(Task): In the material below, find the line with "Young woman choosing" and the line with "en burbujas Pantalones", then output both and every line between them exactly, omitting pictures.

(Given data):
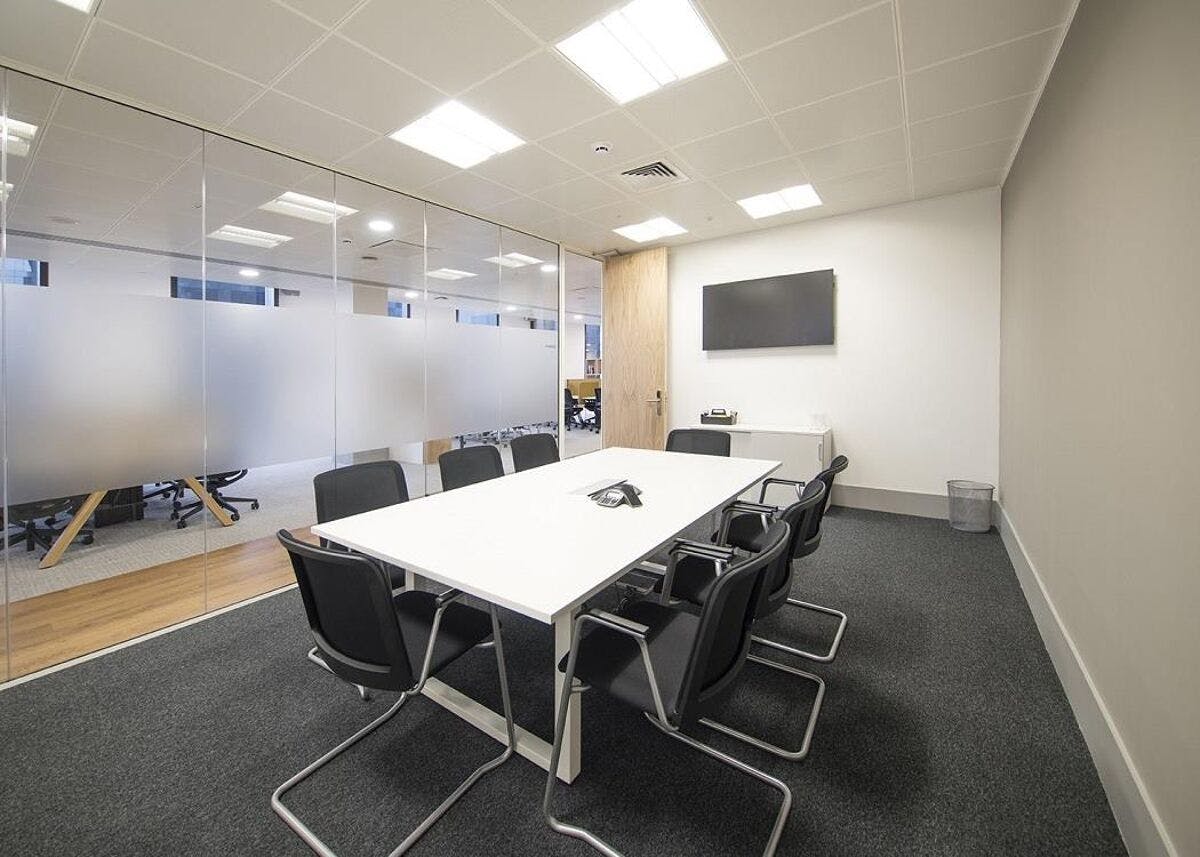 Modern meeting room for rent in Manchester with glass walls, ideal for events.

--

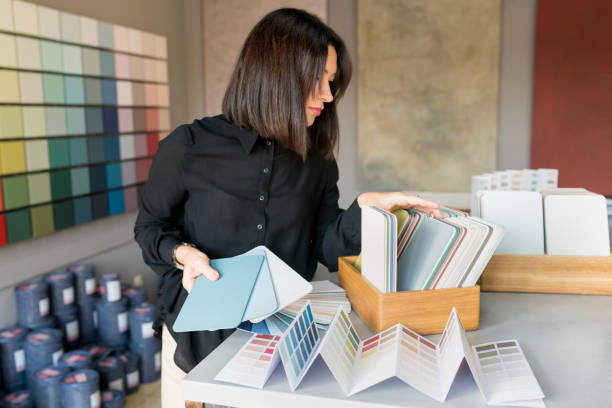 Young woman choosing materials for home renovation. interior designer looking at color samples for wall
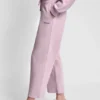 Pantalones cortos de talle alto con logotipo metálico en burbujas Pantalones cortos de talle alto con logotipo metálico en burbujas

(Solution):
 Young woman choosing materials for home renovation. interior designer looking at color samples for wall
 Pantalones cortos de talle alto con logotipo metálico en burbujas Pantalones cortos de talle alto con logotipo metálico en burbujas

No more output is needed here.